Germany's economic confidence rose significantly this month to the strongest level since April 2010 on hopes of the situation improving over the coming months, data from the Center for European Economic Research/ZEW showed Tuesday.
The ZEW Indicator of Economic Sentiment rose 16.7 points to 48.2 in February. This was the third consecutive increase and the reading far exceeded the consensus forecast of 35.
Meanwhile, the assessment of the current economic situation dropped 1.9 points to 5.2 points. Economists say the ZEW index has hardly correlated with GDP growth, in the past.
In the opinion of financial market experts, the German economy faces less headwinds from the euro crisis than throughout the last months, ZEW President Wolfgang Franz said.
"If this situation remains unchanged during the next months, German business activity may pick up speed moderately," he added.

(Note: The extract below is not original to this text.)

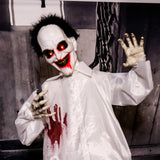 Haunted Hill Farm -  5.75-Ft. Snips the Laughing Animatronic Doctor, Indoor / Covered Outdoor Halloween Decoration, Red LED Eyes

At the same time, economic expectations for the euro area climbed 11.2 to 42.4 in February and the indicator for the current situation remained almost unchanged at -75.6.
Bundesbank expects the German economy to return to growth in the first quarter and sees 0.4 percent expansion for the whole of 2013.
The largest Eurozone economy contracted 0.6 percent in the final quarter of 2012. As unresolved debt crisis took its toll even on Germany, the 17-nation currency bloc moved deeper into recession at the end of 2012.
Eurozone GDP shrunk 0.6 percent in the fourth quarter, the most since the first quarter of 2009. European Central Bank President Mario Draghi on Monday said he expects economic weakness in the early part of 2013 to be followed by a very gradual recovery later in the year.
Draghi warned against keeping interest rate at a low level for a protracted period, saying that this may create a number of challenges.
Even if the real economy only lives up to half the expectations recently created by soft indicators, any fears of a technical recession should turn out to have been unjustified, ING Bank NV's economist Carsten Brzeski said.
With Draghi's words yet to be followed up with actions and political risks in Italy growing, Jennifer McKeown at Capital Economics said she fears that investor sentiment might weaken again before long.